In my spare time I am trying to implement YOLOv3 using Flux. I believe I’ve successfully defined the model, leaving me to find a way to translate the YOLOv3 pretrained weights into Flux. However, I have noticed, using random weights and input, that the the network is extremely slow on CPU, even with small inputs.
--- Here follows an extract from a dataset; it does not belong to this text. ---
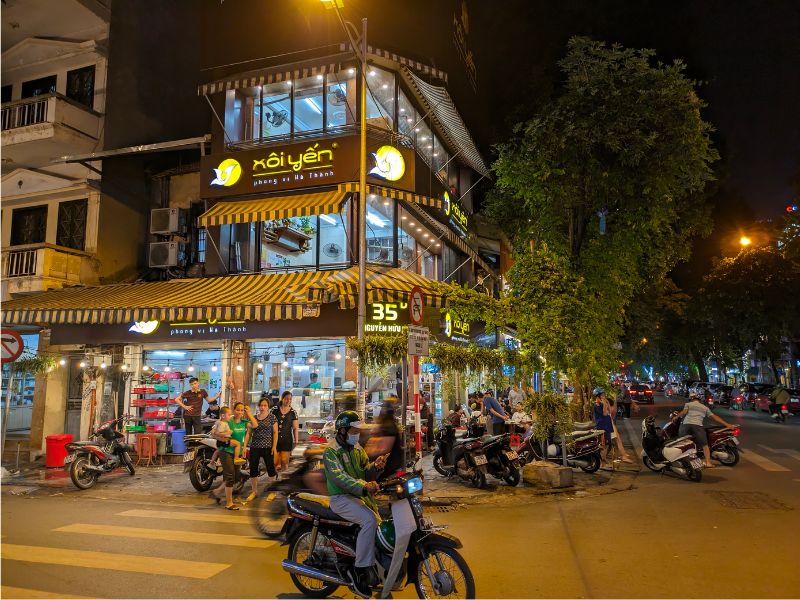 Discover Yen sticky rice, the leader in mixed food style in Hanoi 2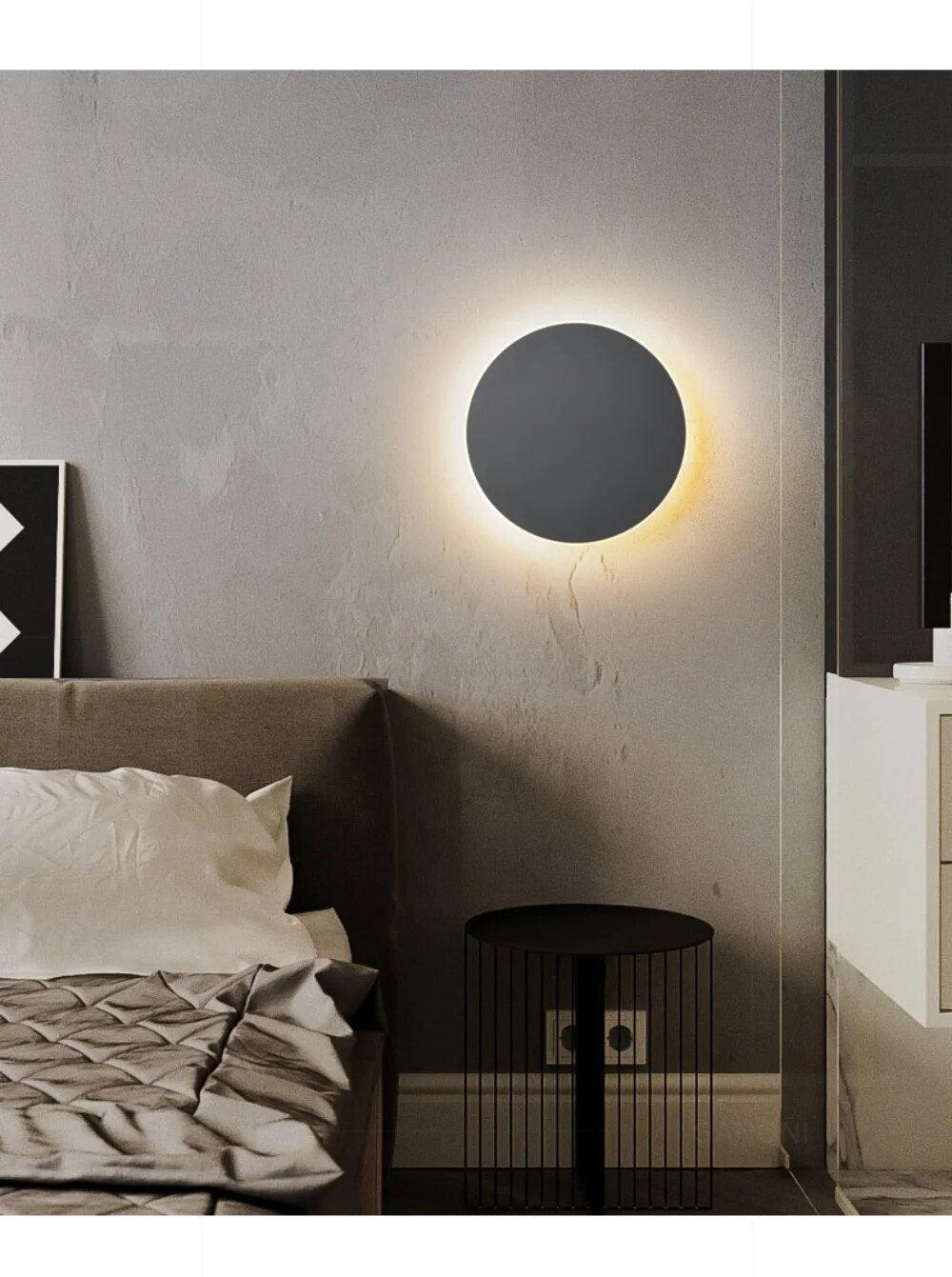 Contemporary Lumeo LED Wall Light - Modern home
I attribute this to the fact that Flux’s convolutional layers are not type-stable, on Julia 1.4.1, Flux 0.10.5:

using Flux
using BenchmarkTools
# small image batch
imgbatch = rand(Float32, 416, 416, 3, 2)
conv_layer = Conv((3,3), 3=>32)
@btime conv_layer($imgbatch);
#33.423 ms (75 allocations: 154.31 MiB) on my machine
@code_warntype conv_layer(imgbatch)
# results in:
Variables
  c::Conv{2,4,typeof(identity),Array{Float32,4},Array{Float32,1}}
  x::Array{Float32,4}
  #102::Flux.var"#102#103"
  σ::typeof(identity)
  b::Array{Float32,4}
  cdims::DenseConvDims{2,_A,_B,_C,_D,_E,_F,_G} where _G where _F where _E where _D where _C where _B where _A

Body::Any
1 ─ %1  = Base.getproperty(c, :σ)::Core.Compiler.Const(identity, false)
│   %2  = Base.getproperty(c, :bias)::Array{Float32,1}
│   %3  = Core.tuple(%2)::Tuple{Array{Float32,1}}
│         (#102 = %new(Flux.:(var"#102#103")))
│   %5  = #102::Core.Compiler.Const(Flux.var"#102#103"(), false)
│   %6  = Base.getproperty(c, :stride)::Tuple{Int64,Int64}
│   %7  = Flux.map(%5, %6)::Core.Compiler.Const((1, 1), false)
│   %8  = Core.tuple(Flux.:(:), 1)::Core.Compiler.Const((Colon(), 1), false)
│   %9  = Core._apply_iterate(Base.iterate, Flux.reshape, %3, %7, %8)::Array{Float32,4}
│         (σ = %1)
│         (b = %9)
│   %12 = (:stride, :padding, :dilation)::Core.Compiler.Const((:stride, :padding, :dilation), false)
│   %13 = Core.apply_type(Core.NamedTuple, %12)::Core.Compiler.Const(NamedTuple{(:stride, :padding, :dilation),T} where T<:Tuple, false)
│   %14 = Base.getproperty(c, :stride)::Tuple{Int64,Int64}
│   %15 = Base.getproperty(c, :pad)::NTuple{4,Int64}
│   %16 = Base.getproperty(c, :dilation)::Tuple{Int64,Int64}
│   %17 = Core.tuple(%14, %15, %16)::Tuple{Tuple{Int64,Int64},NTuple{4,Int64},Tuple{Int64,Int64}}
│   %18 = (%13)(%17)::NamedTuple{(:stride, :padding, :dilation),Tuple{Tuple{Int64,Int64},NTuple{4,Int64},Tuple{Int64,Int64}}}
│   %19 = Core.kwfunc(Flux.DenseConvDims)::Core.Compiler.Const(Core.var"#Type##kw"(), false)
│   %20 = Base.getproperty(c, :weight)::Array{Float32,4}
│         (cdims = (%19)(%18, Flux.DenseConvDims, x, %20))
│   %22 = σ::Core.Compiler.Const(identity, false)
│   %23 = Base.getproperty(c, :weight)::Array{Float32,4}
│   %24 = Flux.conv(x, %23, cdims)::AbstractArray{yT,4} where yT
│   %25 = Base.broadcasted(Flux.:+, %24, b)::Any
│   %26 = Base.broadcasted(%22, %25)::Any
│   %27 = Base.materialize(%26)::Any
└──       return %27

I have already opened an issue on Flux’s github here, because right now it takes almost 4 seconds to run my YOLOv3 implementation on the CPU, with rand(Float32, 416, 416, 3, 2) as input. Since convolutional layers are such a staple of deep learning I think fixing this issue is quite important, which is why I am writing this now. Maybe I am missing something? I am quite new to Julia.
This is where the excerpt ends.